Students and parents may believe they are a step closer to returning to in-person instruction with the passage of the Governor’s reopening plan (Assembly Bill 86), but they are not. Nothing in the bill actually requires schools to reopen, but it merely incentivizes them to do so.
“With the same stroke of his pen that closed the schools a year ago, the governor could have reopened them months ago. He did not,” said Senate Republican Leader Scott Wilk (R-Santa Clarita). “I support providing incentives for reopening schools. We should be doing all we can to get kids back in the classroom, but make no mistake, unless reopening is required, most California students will finish out the school year in their living rooms glued to a computer screen.”
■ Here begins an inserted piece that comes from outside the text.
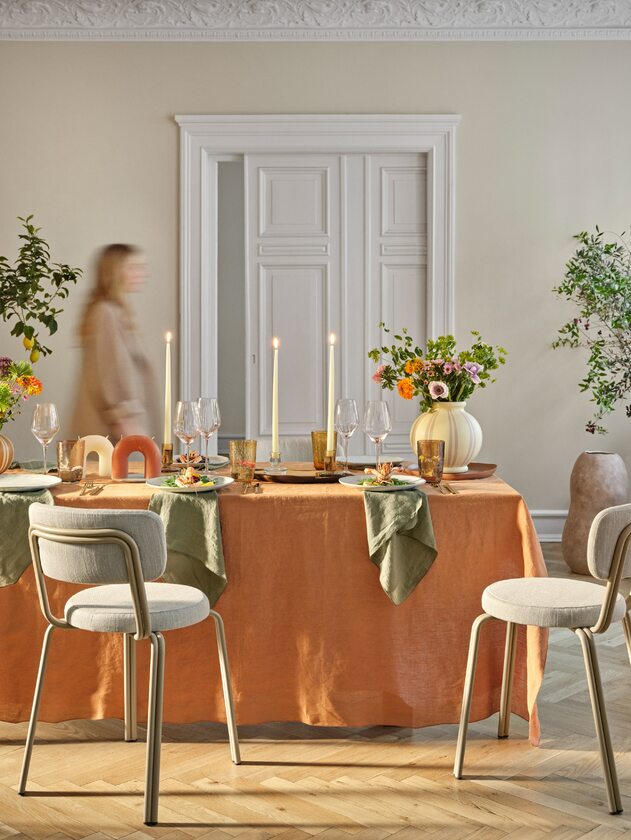 Wiosenna aranżacja stołu w stylu skandynawskim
Senate Republicans also offered solutions that would have strengthened the governor’s incentive plan by actually requiring school districts to meet specific in-person criteria to be considered re-opened. Senate Democrats rejected these Republicans’ amendments.
Republicans offered the following amendments:
- To reopen schools within 15 days with a 5 day-a-week option.
- To require a minimum of 3 days in-person instruction a week to be considered “reopened” – right now even a hybrid with one day a week would count as reopened.
AB 86 will offer $2 billion incentive grants for schools to reopen and allocate $4.6 billion for supplemental instructions and for in-person instructions for a total of $6.6 billion.